Reliability & Serviceability


Reliability - Memory Error Recovery

The Sun4d architecture provides a high level of hardware protection against memory faults. An error correcting code (ECC) is generated by each write to system memory. The ECC value is then checked upon reading that memory location. Using the ECC value, the memory hardware is able to automatically correct single-bit memory errors and to detect, but not correct, double-bit errors.

Within base Solaris, detection of an uncorrectable memory error causes the termination of the thread which accessed that failing memory location. The A+Edition improves upon the handling of this case by attempting to keep the thread running. Upon detection of the uncorrectable error, the recovery code determines whether the page on which the error occurred has been modified since it was loaded. If the page has been modified, then all of the threads which have this page mapped into their address space are terminated. This is done so that there is no chance that the corrupted data will be stored to disk by the system.

If this page has not been modified, then the mapping to the physical page is removed from the virtual memory maps of the owning threads. The failing page is tested to determine if the error is a permanent problem or one that was transient. If the error is permanent, the page is placed on a "vary-off" list indicating that it is not available for use by the system. If the problem was determined to be transient, the page will be returned to the free list. Upon the next access by a thread to one of the virtual memory addresses within this page, a new copy of the page contents is brought in from the disk and placed on a new physical memory page. This new page is then mapped into the thread's virtual memory space.

Serviceability - System Event Logger

Solaris currently provides some means of logging events and errors that have occurred on the system. For example, the syslogd facility can collect a variety of textual messages that have been generated by different system components. Kernel printf(s) display a variety of messages on the system console. The A+Edition provides an enhanced system event logger that improves the logging of textual and binary data, and facilitates centralized event logging within a network.

The event messages can contain binary as well as textual information. A standardized message data format is used to ensure that these messages can be monitored by any Solaris system using the event logger facility.

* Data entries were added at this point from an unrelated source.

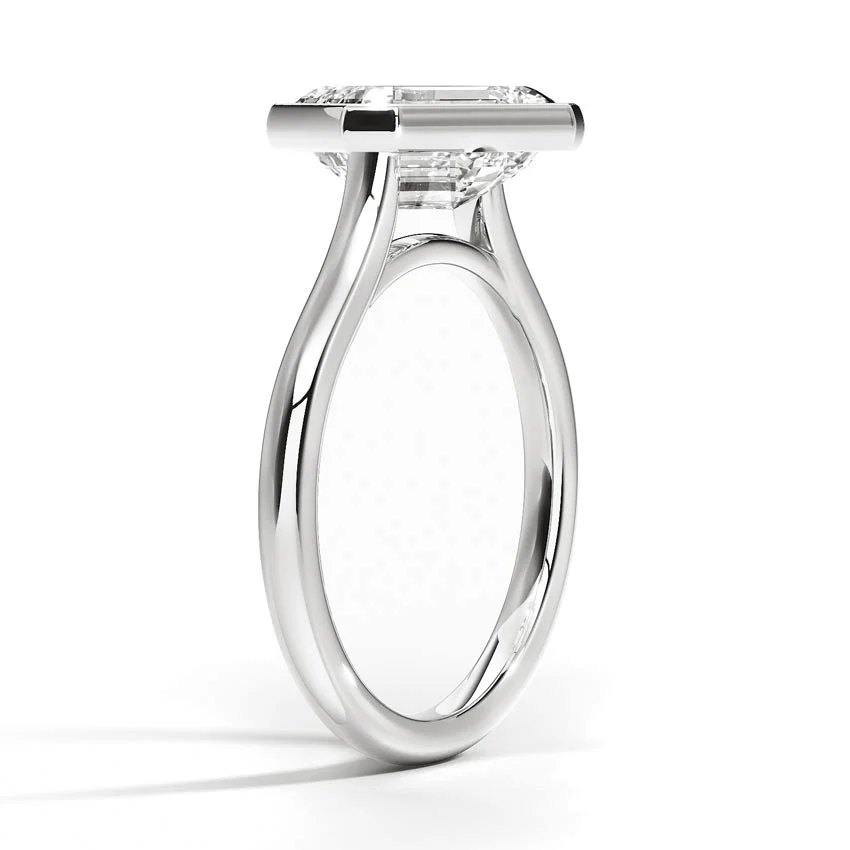 Emerald Cut Diamond Bezel Engagement Ring, Minimalist Solitaire Ring, Modern Promise Ring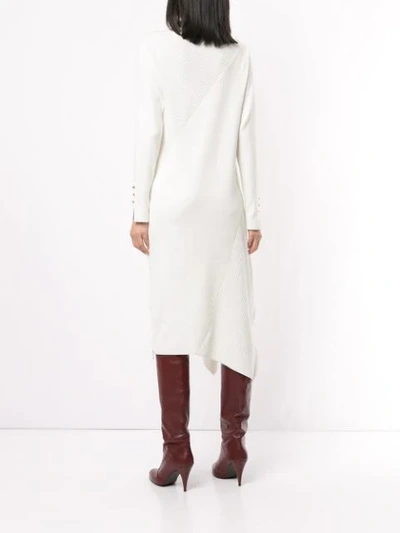 Shop Loveless Ribbed Detail Asymmetric Dress In White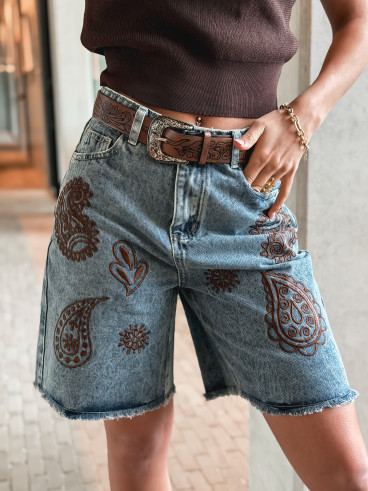 Bermuda en jeans Loriana - Bleu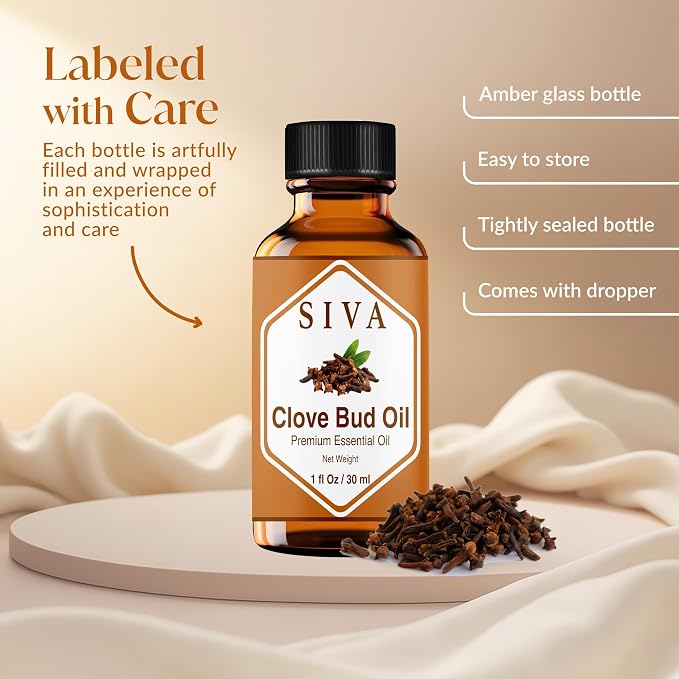 Siva Clove Bud Essential Oil 1 Fl Oz – for Diffuser, Skin & Hair Care – Ideal for Massage & DIY Blends- with Dropper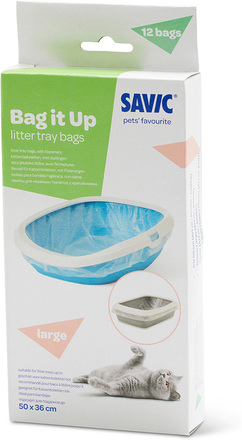 Savic Kattedo Gizmo Happy Planet - 52 cm - Bag it Up Litter Tray Bags, Large, 1 x 12 Stk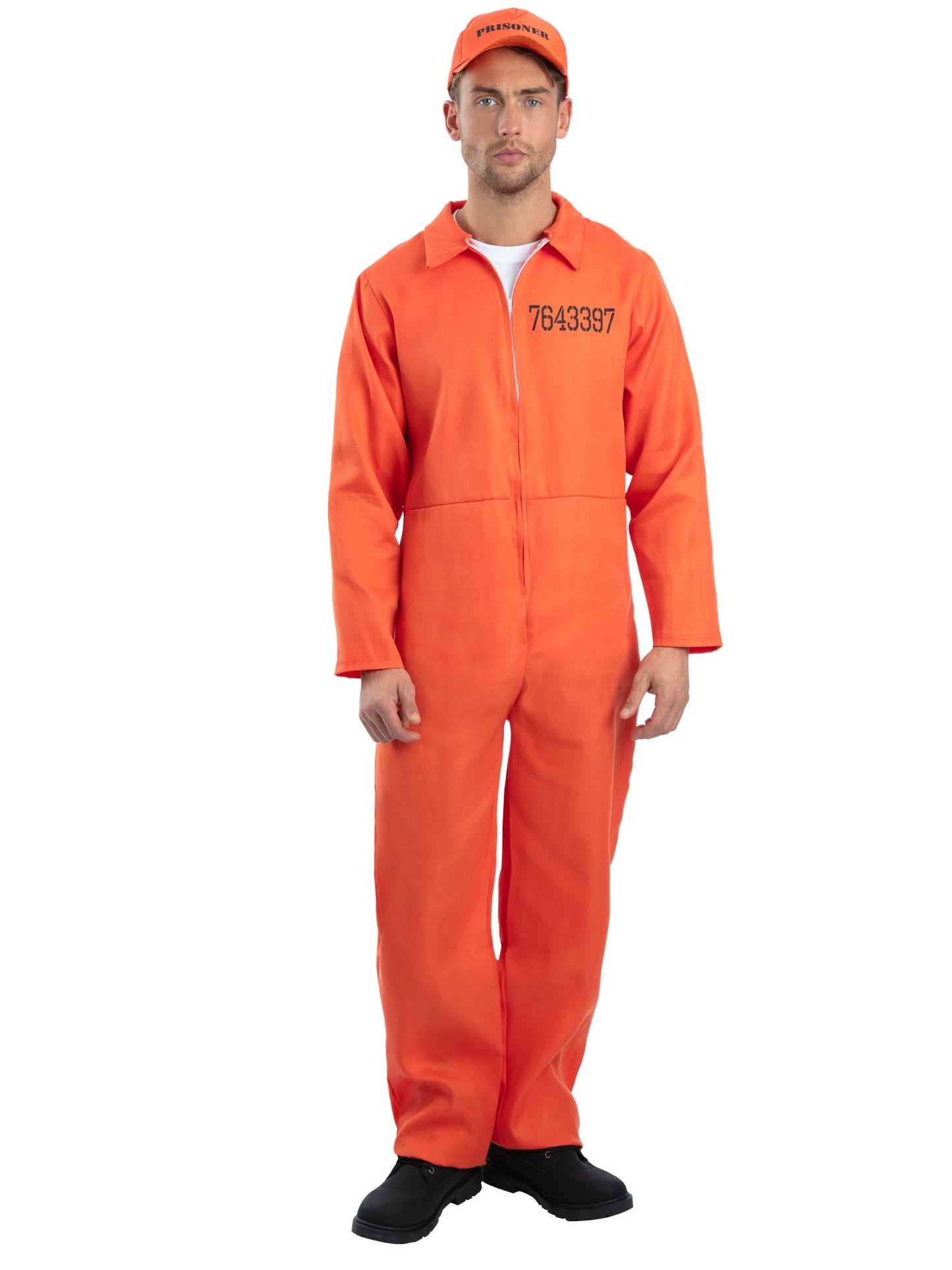 Costume prisonnier en fuite, orange, avec bleu de travail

The first release of the A+Edition contains a local version of this facility. The second release of the A+Edition extends this capability over a network.

Logged System Events

The amount and organization of this data will enable engineers to review hardware and software errors and events, decreasing the time to resolve a problem, and increasing the serviceability of the system. System administrators can also refer to the log, and take preemptive corrective actions if necessary.